Alice laughed. “There’s no use trying,” she said: “one can’t believe impossible things.”


“I daresay you haven’t had much practice,” said the Queen. “When I was your age, I always did it for half-an-hour a day. Why, sometimes I’ve believed as many as six impossible things before breakfast.”


Portrait of Marco, Queen Victoria’s beloved Pomeranian, on the Queen’s breakfast table, by Charles Burton Barber (1893). Victoria was amused.


I have a method for trying to believe impossible things, and I’ve found that it’s best to start with the easy stuff and from there, ease into the truly unfathomable. For me, that would be:



Atoms, and how they work.
The whole concept of infinity.
Another year’s worth of McArthur Genius Grants have been passed out and I STILL HAVEN’T GOT ONE.
That I’m not 29 any more.
Der Drumpf is [retch, shiver, break out in cold sweat] President.

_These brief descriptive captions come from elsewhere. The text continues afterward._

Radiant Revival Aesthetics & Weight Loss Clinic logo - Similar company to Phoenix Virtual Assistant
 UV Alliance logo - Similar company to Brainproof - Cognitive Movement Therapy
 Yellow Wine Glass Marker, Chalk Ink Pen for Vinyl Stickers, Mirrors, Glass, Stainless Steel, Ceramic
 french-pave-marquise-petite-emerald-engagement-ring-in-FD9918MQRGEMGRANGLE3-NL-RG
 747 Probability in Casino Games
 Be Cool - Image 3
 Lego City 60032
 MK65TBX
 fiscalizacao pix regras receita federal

It’s the sixth impossible thing that I have the most trouble with, which, in my house, goes by two words:


Leftover


Wine


In my house, it’s a rule: Once a bottle of wine is opened, we commit ourselves to guzzling in the name of all that is holy and regrettable. However, the other day, I found myself unable to commit to the last drops of a very nice vouvray:



Dear Readers, you know from Champagne-O-Meters in the past, that I have successfully produced icy wine slurpees with the help of Mother Nature . . .



But it’s still Coyote Summer here on Long Island (another week of 70 degree afternoons!) so I made do with the freezer and I am here to tell you that Yes . . .



. . . Wine Does Eventually Freeze Solid. Luckily, it only takes a half hour for it to thaw and then we have a rather delightful breakfast beverage that helps in believing the Fifth Impossible Thing.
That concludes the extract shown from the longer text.